Personality profiles and finding your perfect match —sound like the latest dating website? Not quite. This is the level of detail and care that goes into the adoption process at Mid-Michigan Cat Rescue (MMCR) to ensure that every cat finds a perfect match.
“It’s not as simple as just pointing to the cat you like and taking it home,” said Sara Vicary, founder of MMCR. “We have a questionnaire that we ask adopters to fill out about their lifestyle. We look through what a person wants and compare what cats we have to fit that profile. We know our cats so well and have a full personality profile on each one to match them to an ideal home atmosphere.”
Vicary started MMCR and has fostered about 300 rescued dogs and — her true passion — 4,000 rescued cats.
“The cat population is much larger than most anyone can imagine,” Vicary said. “I started MMCR because I felt it was time that the mid-Michigan area had a strong rescue effort focused on feline care that proactively educated the community on responsible pet care. I believe every animal should be given a chance.”
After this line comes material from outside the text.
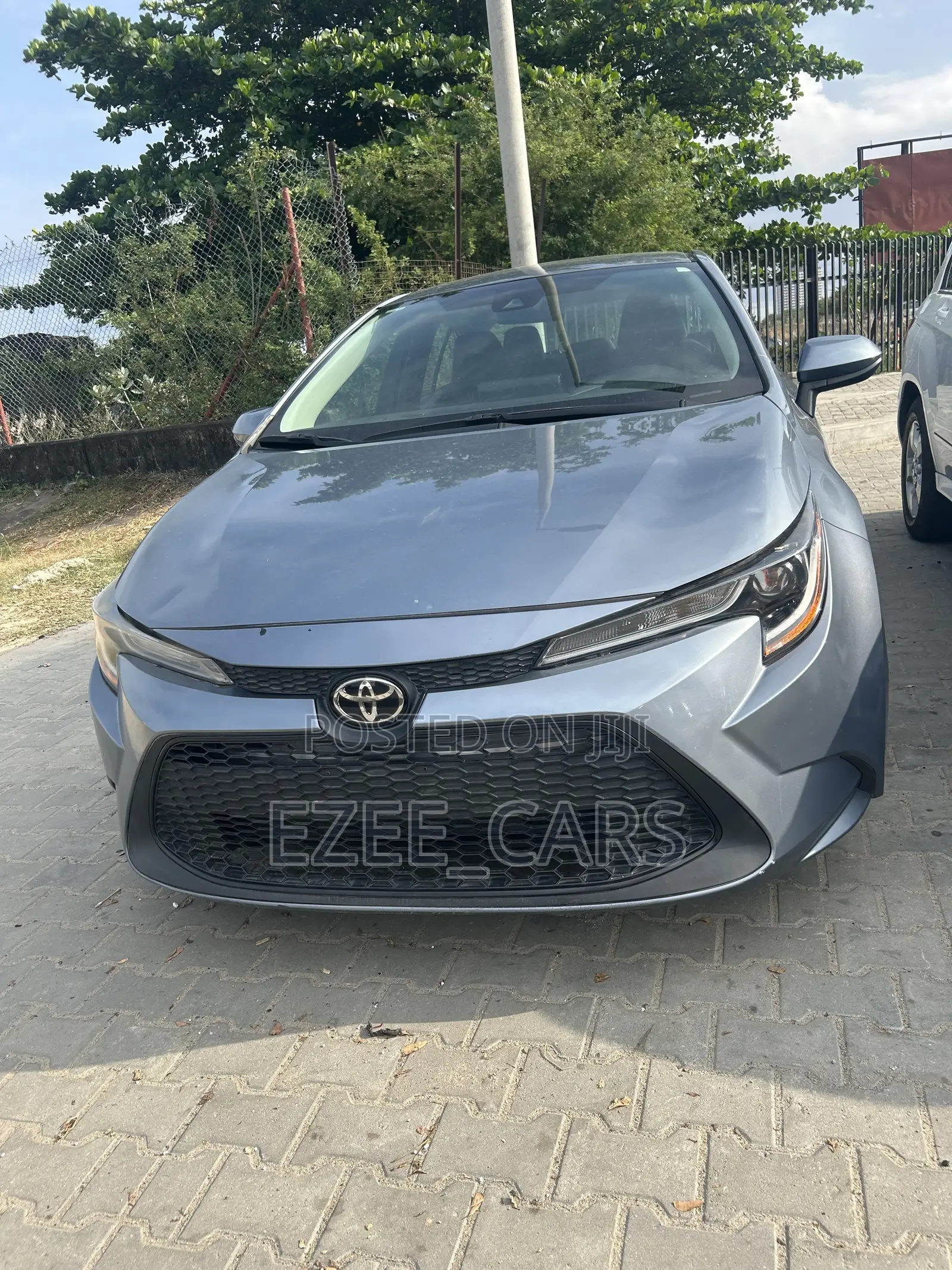 Toyota Corolla LE 2021 Silver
Vicary said MMCR could currently be the largest no kill cat rescue in Michigan. She fosters kittens and adult cats at the main rescue based in Grand Ledge and her home, as well — both locations are filled with volunteer help. There is a volunteer base of anywhere between 150 and 200, and even with those helping out Vicary herself still dedicates 90 hours a week.
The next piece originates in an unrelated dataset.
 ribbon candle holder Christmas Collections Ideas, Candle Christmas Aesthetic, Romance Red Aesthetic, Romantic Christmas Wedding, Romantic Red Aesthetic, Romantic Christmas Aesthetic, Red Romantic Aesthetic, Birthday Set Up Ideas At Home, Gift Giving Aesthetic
MMCR fields hundreds of calls each week asking about adoptable cats. They currently hold weekly adoption events at PetSmart and monthly events at PetCo.
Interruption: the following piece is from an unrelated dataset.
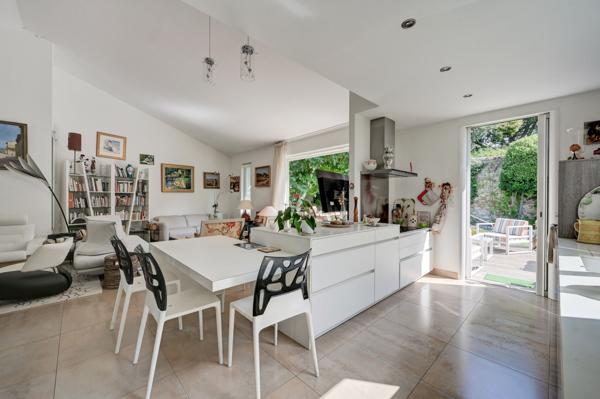 Vente Maison de luxe Villeneuve-lès-Avignon 5 Pièces 196 m²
“It takes a little army to do this,” Vicary said. “When you take in close to 400 cats a year, there is a lot to do. We always do extremely well, and it’s a testament to the dedication of our volunteers. There are long days, and we have a lot of volunteers who put in a ton of hours because they believe in what they’re doing.”
MMCR plans to purchase a new building where they will be able to host their own adoption events in hopes of doubling their number of adoptions within the first year.
Vicary upholds a strict policy that once a cat is taken into a permanent home, they should never go homeless again. If a person can’t keep their adopted cat for the entirety of its life, MMCR asks that the cat be returned to them.
“I’ve had cats return to me after many years, and they all remember me,” she said. “The moment they look at my face, they know exactly who I am. They are my gift, and every new cat I meet is a new soul, a new friendship that doesn’t end when I find them the perfect home.”